Acute toxicity: Dermal route

An acute dermal study is available (Gargus 1984) with NaDCC dihydrate. 5 female and 5 male rats were exposed to a limit dose of 5000 mg/kg. No deaths occurred and the LD50 was considered to be > 5000 mg/kg.

Acute toxicity: Inhalation route.

In the acute inhalation study (Dudek 1985) 5 female and 5 male rats were exposed to a whole body dust exposure of 0.27 mg/L and 1.17 mg/L of sodium dichloroisocyanurate. Six out of ten animals died when exposed to 1.17 mg/L, while none of the test animals died when exposed to test material atmosphere of 0.27 mg/L. The LD50 was therefore considered to be >0.27 < 1.17 mg/L (>270 - <1170 mg/m3) . The test material was ground to form a respirable powder. However, only a small percentage of the active material in commerce is respirable or inhalable, as most of the commercial product is marketed in granular or tableted forms which have much larger particle sizes.Therefore, the result from the inhalation study is not applicable for classification and labelling and due to the minimal potential for inhalation presented by the marketed active substance, the inhalation route will not be considered for hazard identification.

Justification for classification or non-classification

Acute toxicity oral route: In the acute toxicity study the LD50 for female rats was 1671 mg/kg. This study was considered applicable for read across to troclosene sodium which warrants a classification of acute tox cat 4 with the hazard statement: H302: Harmful if swallowed according to EU CLP regulation 1272/2008.

Acute toxicity dermal route: In the acute toxicity study the LD50 was > 5000 mg/kg. The study was considered applicable for troclosene sodium.The limit for classification for dermal toxicity is 2000 mg/kg and therefore no classification is warranted.

Acute toxicity inhalation route:

In the acute inhalation study the LD50 was considered to be >0.27 < 1.17 mg/L (equivalent to >270 - < 1170 mg/m3).

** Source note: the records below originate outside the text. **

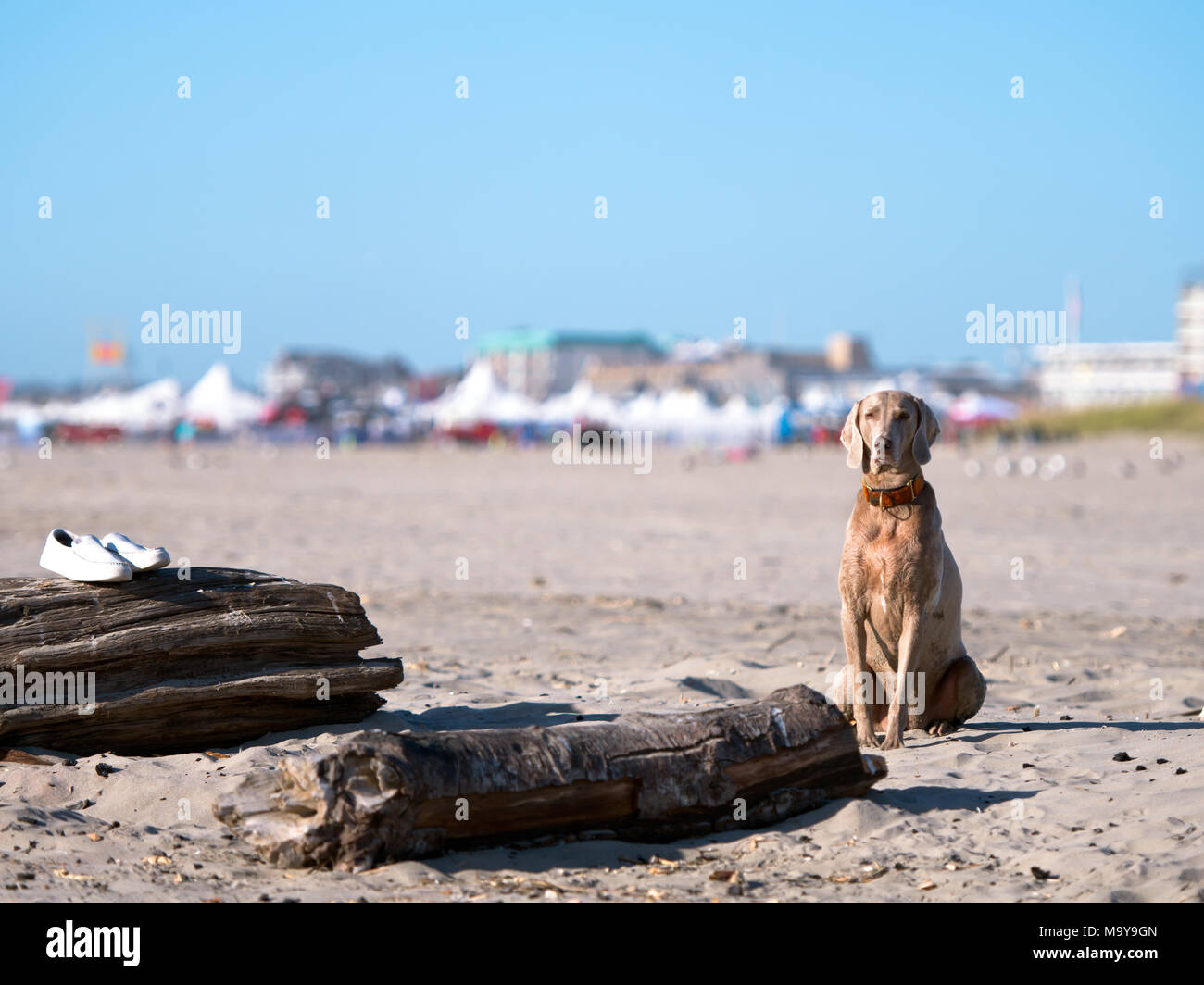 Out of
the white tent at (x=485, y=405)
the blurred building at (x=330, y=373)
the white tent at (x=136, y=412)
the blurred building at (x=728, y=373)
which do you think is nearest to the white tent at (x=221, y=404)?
the white tent at (x=136, y=412)

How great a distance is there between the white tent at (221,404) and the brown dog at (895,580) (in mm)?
64852

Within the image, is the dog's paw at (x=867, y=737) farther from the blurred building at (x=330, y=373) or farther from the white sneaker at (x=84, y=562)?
the blurred building at (x=330, y=373)

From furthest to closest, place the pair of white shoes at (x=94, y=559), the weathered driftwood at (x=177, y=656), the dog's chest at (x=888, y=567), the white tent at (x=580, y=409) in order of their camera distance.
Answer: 1. the white tent at (x=580, y=409)
2. the dog's chest at (x=888, y=567)
3. the pair of white shoes at (x=94, y=559)
4. the weathered driftwood at (x=177, y=656)

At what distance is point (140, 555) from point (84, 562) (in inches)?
10.0

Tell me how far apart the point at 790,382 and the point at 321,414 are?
335 ft

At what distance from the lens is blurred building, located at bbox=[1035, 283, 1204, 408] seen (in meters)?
157

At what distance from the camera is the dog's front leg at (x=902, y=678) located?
653cm

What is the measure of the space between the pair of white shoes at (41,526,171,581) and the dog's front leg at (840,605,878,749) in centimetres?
346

The decision for a correct classification and label also has to take into consideration whether the artificially generated conditions in the inhalation testing are relevant to characterize the hazard profile of the active substance. The Guidance to the new EU CLP regulation (1272/2008) clearly establishes that the “form or physical shape” and “reasonably expected use” of a substance is relevant for classification. Article 5(1) of 1.2 of the Guidance to the CLP establishes that “The information shall relate to the forms or physical states in which the substance is placed

on the market and in which it can reasonably be expected to be used” Furthermore, Article 8 of 1.2 defines for generating new information for substances and mixtures: “Tests that are carried out for the purposes of this Regulation shall be carried out on the substance or on the mixture in the form(s) or physical state(s) in which the substance or mixture is placed on the market and in which it can reasonably be expected to be used”.

In the study the test material was ground to form a respirable powder. However, only a small percentage of the active material in commerce is respirable (<0.06% or inhalable (<0.2%) as most of the commercial product is marketed in granular or tableted forms which have much larger particle sizes. Therefore, the result from the inhalation study is not considered to be applicable for classification and labelling and due to the minimal potential for inhalation.